Path: utzoo!mnetor!uunet!mcvax!ukc!its63b!db
From: db@its63b.ed.ac.uk (D Berry)
Newsgroups: comp.lang.c++
Subject: User defined operators
Message-ID: <1206@its63b.ed.ac.uk>
Date: 25 Apr 88 17:47:15 GMT
References: <4444@ihlpf.ATT.COM>
Reply-To: db@itspna.ed.ac.uk (Dave Berry)
Organization: University of Edinburgh
Lines: 75

In article <4444@ihlpf.ATT.COM>  writes:
>>In article <8804140925.AA13150@klaus.olsen.uucp> Info-Modula2 Distribution List <INFO-M2%UCF1VM.bitnet@jade.berkeley.edu> writes:
>>
>>Does C++ allow infix procedures other than the standard set?
>
>No.  Doing this tends to lead to unreadable code.  For example:  If I
>overload the word 'or' as an infix operator, this sentence no longer has
>the same meaning that I intended (this is because 'word' becomes 'w or d'.

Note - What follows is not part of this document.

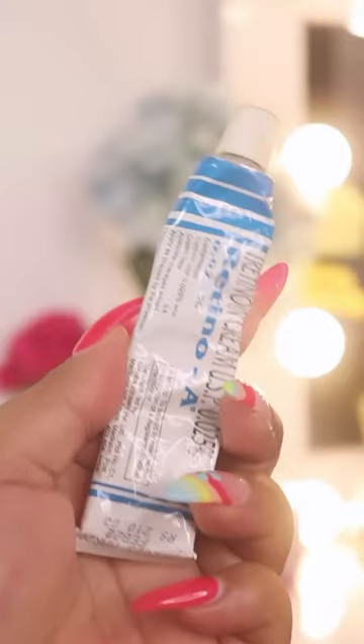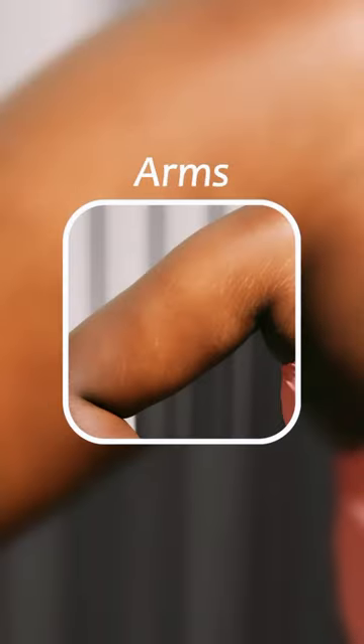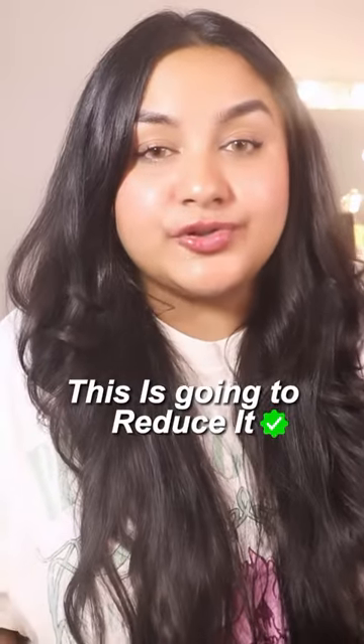Number 2 is Retinoid — this is a level 1 ingredient. If you have any body parts, be it arms, be it thighs, be it back, or if you have stretch marks in your chest area, this is going to reduce it.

Does this mean that "newton" isn't a legal C++ identifier because it will
be parsed as "new" "ton"?  I doubt it.
Most languages that allow user defined infix operators let them be any
(of a subrange of) lexically distinct token(s).  Often alphanumeric and symbolic
tokens will be different sets, allowing expressions such as "w+d" to be parsed
correctly, while requiring the spaces in "w or d" to distinguish this case
from "word".

>It also leads to nightmares for the parser (is '/+' an error or an overload
>operator, etc.).

The easiest way to handle this is to take the rule for distinguishing between
alphanumeric identifers -- read the longest -- and use it for symbolic
identifiers as well.  So Nevin's example would be a single identifier "/+".
If this were done to C++ (I'm not suggesting it should be done), its
expression would differ from C in some cases.  E.g.

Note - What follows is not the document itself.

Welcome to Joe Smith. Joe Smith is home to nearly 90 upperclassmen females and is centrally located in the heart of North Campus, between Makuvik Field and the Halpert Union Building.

	Expression	C parse				(C++)++ parse 

	a+++++b   	"a" "++" "+" "++" "b"		"a" "+++++" "b"
	*++p		"*" "++" "p"			"*++" "p"

However, C++ isn't source code compatible with C anyway, and this scheme
would make the existing treatment of "/*" and "*/" examples of a general rule
rather than a specific case.  It would probably also make cases like the above
easier to read, as they would have to be broken up:

	a++ + ++b		*(++p)

(Really basic symbols such as brackets and quotes shouldn't be allowed to
appear in symbolic identifiers or things get out of hand).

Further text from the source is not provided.